Write out the data below exactly as given, without any of its pictures.

BEGIN DATA PROVIDED

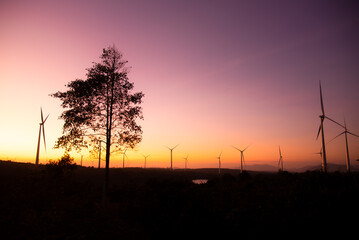 Fototapeta premium Wind turbines power plant at sunset are alternative electricity, the concept of sustainable resources. Green energy concept to reduce global warming and climate change and pollution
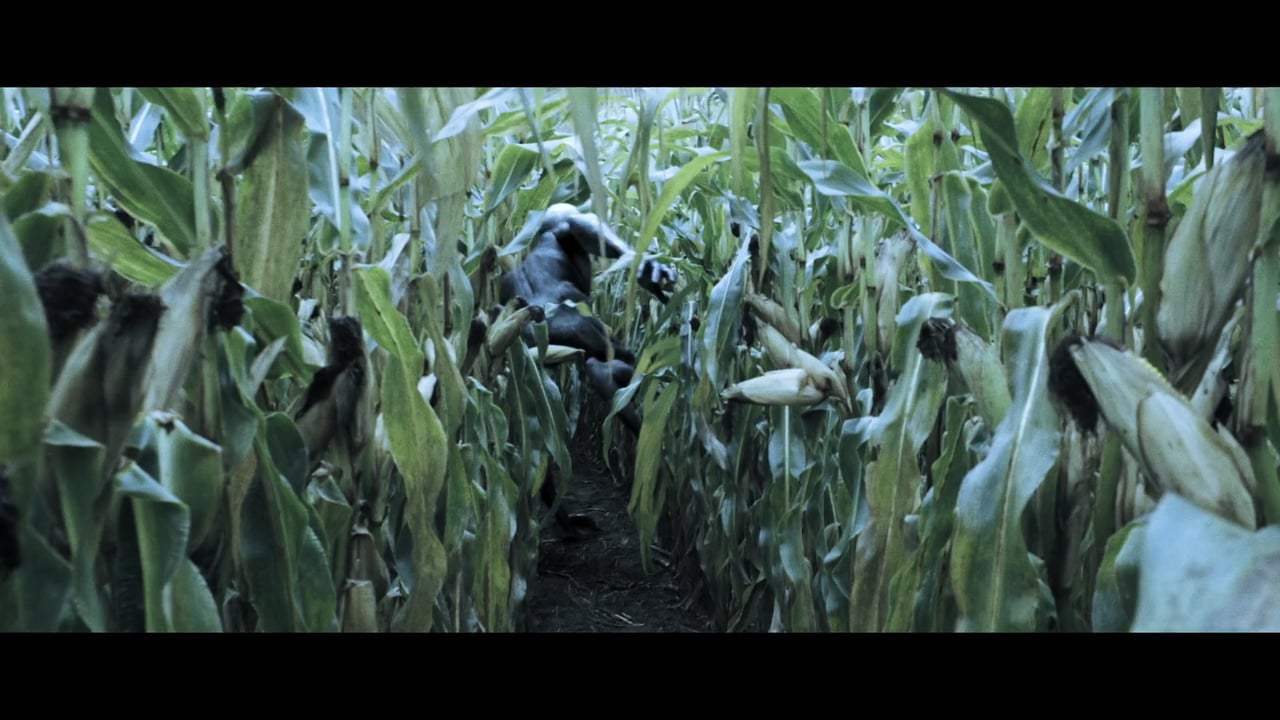 The Gracefield Incident Trailer (2017)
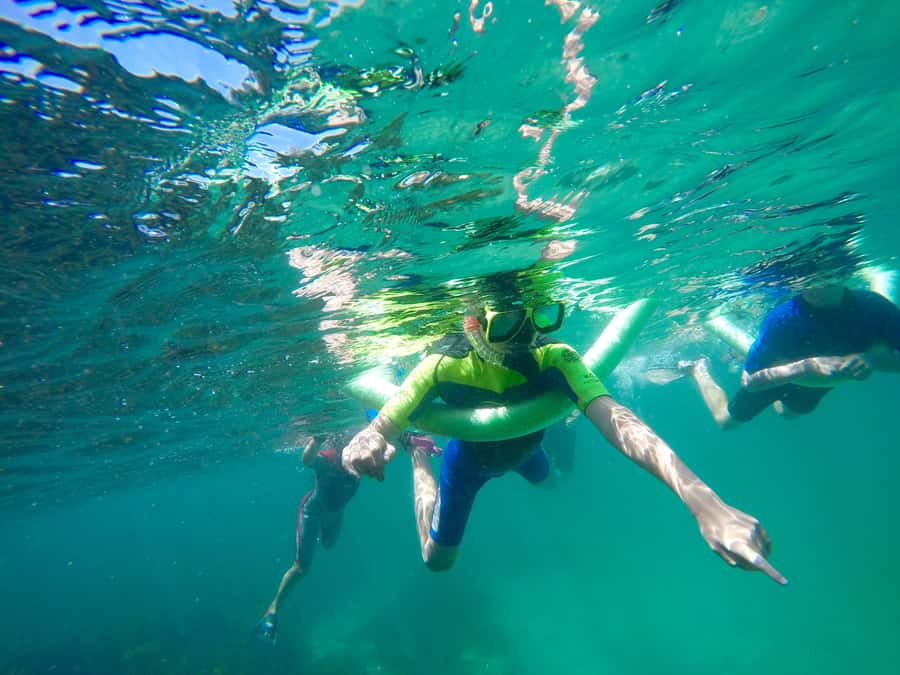 Sydney: Manly and Shelly Beach Snorkeling Tour - The 30-minute headland walk comes first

END DATA PROVIDED

» EXERCISE ANSWER:
 Fototapeta premium Wind turbines power plant at sunset are alternative electricity, the concept of sustainable resources. Green energy concept to reduce global warming and climate change and pollution
 The Gracefield Incident Trailer (2017)
 Sydney: Manly and Shelly Beach Snorkeling Tour - The 30-minute headland walk comes first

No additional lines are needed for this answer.